Lo mismo pasó con otra cumbia llamada “Sarampión”, de mi autoría y cantada por Martín “El Tetero” González. Ese tema no pasa de moda, porque siempre lo programan para las fiestas novembrinas de Cartagena, los carnavales de Barranquilla, el 20 de Enero en Sincelejo y en todos los pueblos que tienen festejos anuales en la Región Caribe.
Eso me tiene orgulloso, porque ahora se hace música que no perdura, pero nosotros, por una u otra razón, no dejamos de escucharnos, aunque no estemos siempre grabando, como pasó con los grandes maestros que ha tenido Colombia en la expresión tropical.
—En esta producción empezaron otras experimentaciones. ¿Cómo ocurrió eso?
—Porque aparecieron como vocalistas Martín González y William Orozco, además de que la salsa romántica estaba cobrando sintonía y no podíamos quedarnos rezagados. Orozco interpretó una canción de Sergio Girado titulada “Tú”, una salsa romántica que estuvo en los primeros lugares en Estados Unidos.
—¿Cuántos L.P. lograron grabar con Codiscos?
—Seis. En el cuarto L.P. nos renovaron contrato, porque las ventas fueron buenas y la orquesta se estaba proyectando a nivel internacional.
En ese cuarto trabajo volvimos a incluir temas de Pedro Pablo Peña, Plácido Rafael Suárez y de mi autoría. Pero, como estábamos experimentando con los nuevos cantantes, después de la salida de Arnold Medrano, quien estuvo con nosotros hasta el tercer L.P., considero que el cuarto fue como un L.P. de transición, no definió mucho y no nos fue bien con él.
La verdad es que lo hicimos corriendo, porque teníamos muchos compromisos con presentaciones, las mezclas no quedaron muy bien, a mí me tocaba ir a Medellín de lunes a jueves y los viernes tenía que estar viajando para cualquier presentación con la orquesta.

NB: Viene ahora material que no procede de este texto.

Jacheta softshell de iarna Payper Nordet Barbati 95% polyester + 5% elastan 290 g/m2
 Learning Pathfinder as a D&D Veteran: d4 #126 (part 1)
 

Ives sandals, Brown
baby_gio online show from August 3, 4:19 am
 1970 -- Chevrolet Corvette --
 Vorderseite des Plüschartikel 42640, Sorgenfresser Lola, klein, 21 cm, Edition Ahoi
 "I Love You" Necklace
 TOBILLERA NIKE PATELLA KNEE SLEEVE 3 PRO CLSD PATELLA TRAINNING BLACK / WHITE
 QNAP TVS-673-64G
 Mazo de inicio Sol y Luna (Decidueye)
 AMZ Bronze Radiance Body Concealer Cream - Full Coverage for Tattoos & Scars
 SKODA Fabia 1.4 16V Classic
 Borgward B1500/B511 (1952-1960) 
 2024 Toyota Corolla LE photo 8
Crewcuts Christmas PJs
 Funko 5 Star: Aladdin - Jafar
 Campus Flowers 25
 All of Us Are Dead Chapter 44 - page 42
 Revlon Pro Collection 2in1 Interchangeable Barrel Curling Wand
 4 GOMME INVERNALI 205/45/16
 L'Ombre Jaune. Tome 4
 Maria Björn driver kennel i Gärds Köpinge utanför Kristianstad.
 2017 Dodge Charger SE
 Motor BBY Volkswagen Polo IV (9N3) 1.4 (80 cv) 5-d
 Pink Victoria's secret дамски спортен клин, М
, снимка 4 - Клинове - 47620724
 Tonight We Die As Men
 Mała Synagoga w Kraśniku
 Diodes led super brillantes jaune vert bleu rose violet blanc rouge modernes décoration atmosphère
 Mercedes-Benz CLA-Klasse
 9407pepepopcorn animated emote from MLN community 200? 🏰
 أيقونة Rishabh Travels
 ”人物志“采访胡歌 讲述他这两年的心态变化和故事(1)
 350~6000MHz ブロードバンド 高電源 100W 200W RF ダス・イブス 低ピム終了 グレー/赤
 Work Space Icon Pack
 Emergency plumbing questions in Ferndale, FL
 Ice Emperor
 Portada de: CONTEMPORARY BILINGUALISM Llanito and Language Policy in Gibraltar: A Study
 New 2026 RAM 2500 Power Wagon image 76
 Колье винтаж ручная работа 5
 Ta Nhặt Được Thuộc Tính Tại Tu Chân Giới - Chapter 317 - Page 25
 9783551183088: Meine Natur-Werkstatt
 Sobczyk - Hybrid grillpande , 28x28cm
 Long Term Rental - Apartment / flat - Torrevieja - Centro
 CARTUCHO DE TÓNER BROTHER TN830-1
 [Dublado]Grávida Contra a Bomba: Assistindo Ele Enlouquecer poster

Para el quinto L.P. incluimos la balada “Para siempre”, del grupo mexicano Magneto, la que William Orozco propuso que hiciéramos en formato de merengue dominicano y fue un batazo impresionante, y hasta nos dieron un Congo de Oro en el carnaval de Barranquilla, que nos declaró fuera de concurso. Ahí incluimos el tema “La vejez no viene sola”, de Pedro Pablo Peña.
—Y este último tema es uno de los símbolos de la orquesta...
—Sí lo es. Por eso, en el sexto L.P. volvimos a incluir a Peña, además de canciones de Lucho Vega, algunas de mi autoría y de algunos compositores nuevos que se venían perfilando, pero nos fue regular. Entonces, los ejecutivos de Codiscos consideraron que no tenían por qué seguir invirtiéndonos más en promoción.
Salimos de esa empresa y empezamos a grabar con Sonial (Sonido Álvarez), mi propio sello disquero. Hicimos una producción con doce canciones de mi autoría.
Se oyeron canciones como “El espanta borrachos”, que sonó en las fiestas de noviembre y en los carnavales de Barranquilla. La orquesta salió al ruedo con nuevo estilo y nos fue mu y bien. Ese L.P. se llamó “16 son 16”, porque en ese entonces éramos 16 integrantes.
—Para ese momento ya se estaba dando el declive de las orquestas cartageneras. ¿Qué hizo Barbacoa al respecto?
—Antes del L.P. que grabamos con mi sello, se vio que las disqueras empezaron a eliminar los grupos cartageneros. Allí cayeron Los inéditos, Nando Pérez, Rango 5, Los soneros de Gamero, Conrado Marrugo, etc. Con todo y eso nos metimos en la aventura de nuestro sello propio en el estudio de los hermanos Ramírez en Bogotá, con buenos resultados.
—¿Por qué cree que ocurrió esa debacle?
—Para mí, la principal causa fue la desaparición del Festival de Música del Caribe, porque ese evento fue la plataforma de lanzamiento no solo de las orquestas cartageneras sino también para muchas orquestas internacionales.